**What you are asked to do**. Give the lines again exactly as they appear below, from the line with "Back Housing W/" to the line with "Digital Monster Ver.20", both included, and only those lines. Leave every picture out.

**Supplied entries**.
____________________
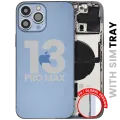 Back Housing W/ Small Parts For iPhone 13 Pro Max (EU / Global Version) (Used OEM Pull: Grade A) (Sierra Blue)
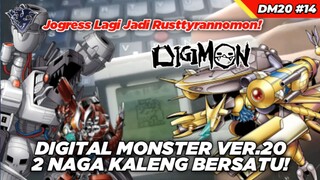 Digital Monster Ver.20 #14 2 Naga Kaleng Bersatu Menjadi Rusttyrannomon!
____________________
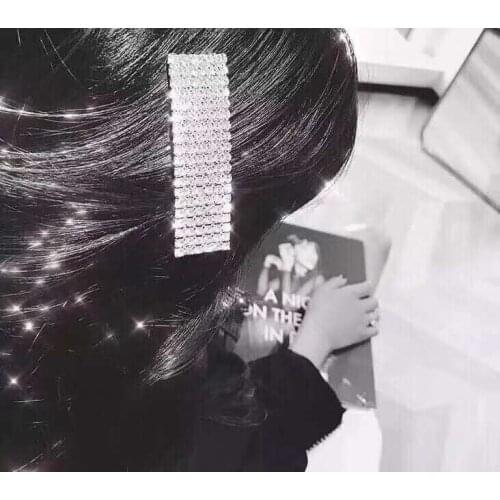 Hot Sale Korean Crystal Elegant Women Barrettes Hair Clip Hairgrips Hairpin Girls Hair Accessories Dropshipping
____________________
**Reply**.
 Back Housing W/ Small Parts For iPhone 13 Pro Max (EU / Global Version) (Used OEM Pull: Grade A) (Sierra Blue)
 Digital Monster Ver.20 #14 2 Naga Kaleng Bersatu Menjadi Rusttyrannomon!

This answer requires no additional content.